The angle of slant of the closely spaced, parallel, slanted lines will
determine how many of the long, diagonal lines for "extra"
faster/slower pairs of groundspeeds will fit on the plotter. The closely spaced, parallel, slanted lines
should be spaced so that they intersect the bottom of edge of the plotter in
intervals that are exactly one minute apart.
So should the closely spaced vertical lines. Once these two sets of lines are in place, the proper position
for the long diagonal lines, corresponding to the additional groundspeed
choices, can be determined.

This particular plotter has been laid out in such a way that the full length of the bottom edge of the plotter is available at the 90-knot, 101-knot, and 116-knot airspeeds.
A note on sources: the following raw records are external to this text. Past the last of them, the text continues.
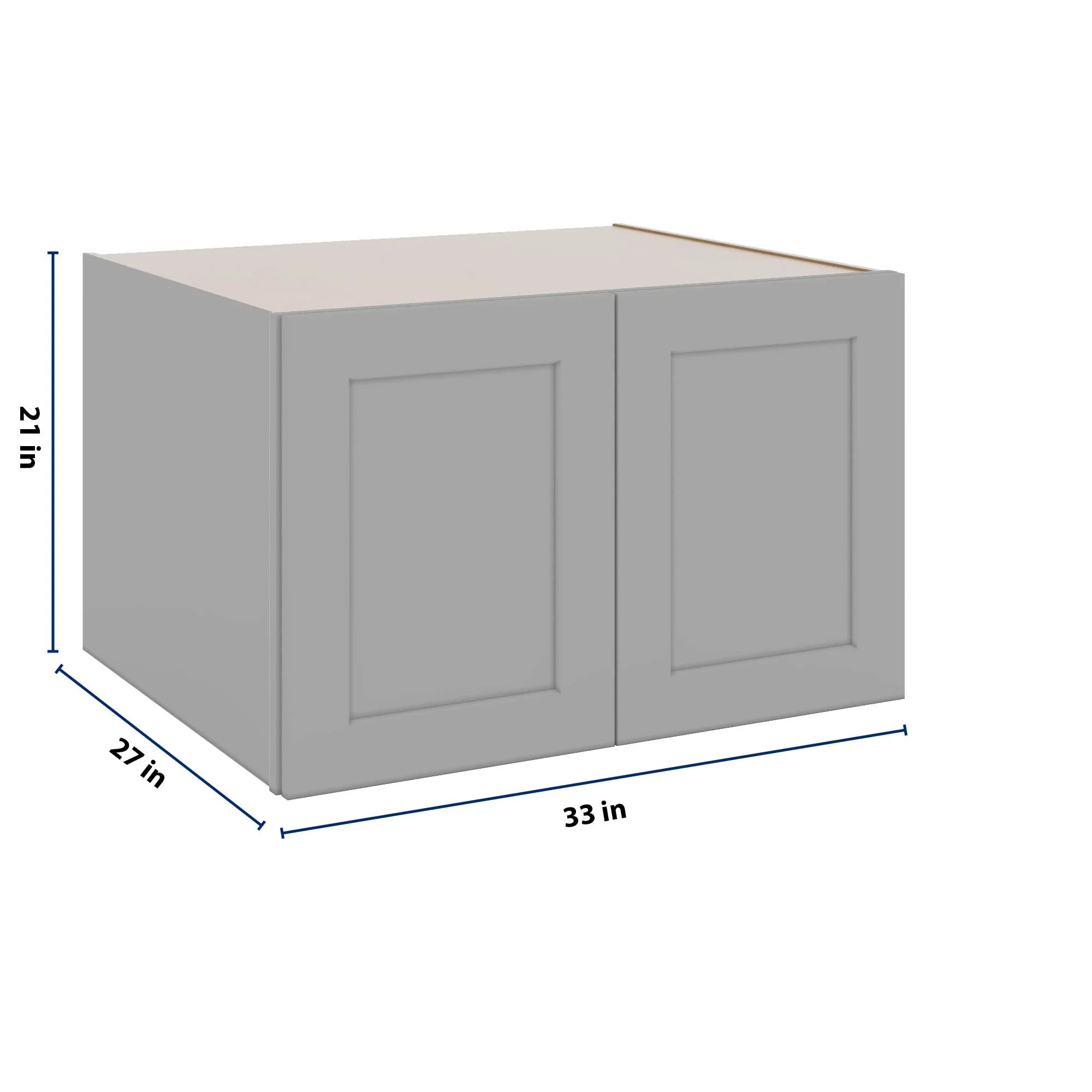 W332127_Close_AngleCASTLEGRAY_jpg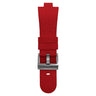 Strap-15048-061-Strap-Mulco-Watches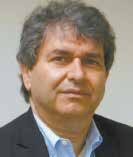 Kwanza Celebrated at white Plains Slater Center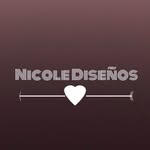 Nicolediseños ❤️ - @katylind2017 - Instagram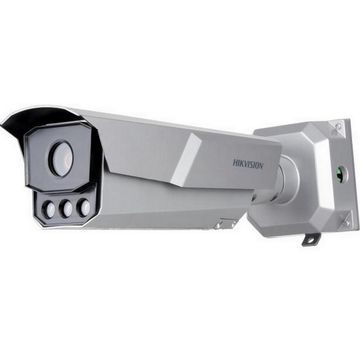 Câmera CFTV IP PoE iDS-TCM403-BI(G)/POE/0832 Bullet 4.0MP IR 100m 8,0 a 32 mm Varifocal Motorizada Hikvision-SINOP-03
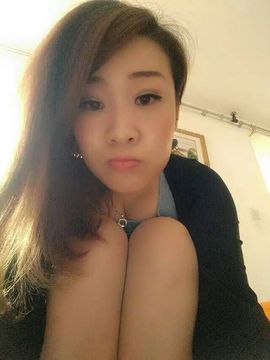 愛妮j主播照片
The useable portion of the bottom scale becomes progressively smaller at groundspeeds below the target groundspeed of 90 knots, and the useable portion of the bottom scale also becomes progressively smaller at groundspeeds above 116 knots. If desired, the plotter could be designed in the opposite manner--with the closely spaced, slanting, parallel lines running up and to the left instead of up and to the right. This would favor the groundspeed range immediately below the target groundspeed, rather than the groundspeed range immediately above the target groundspeed.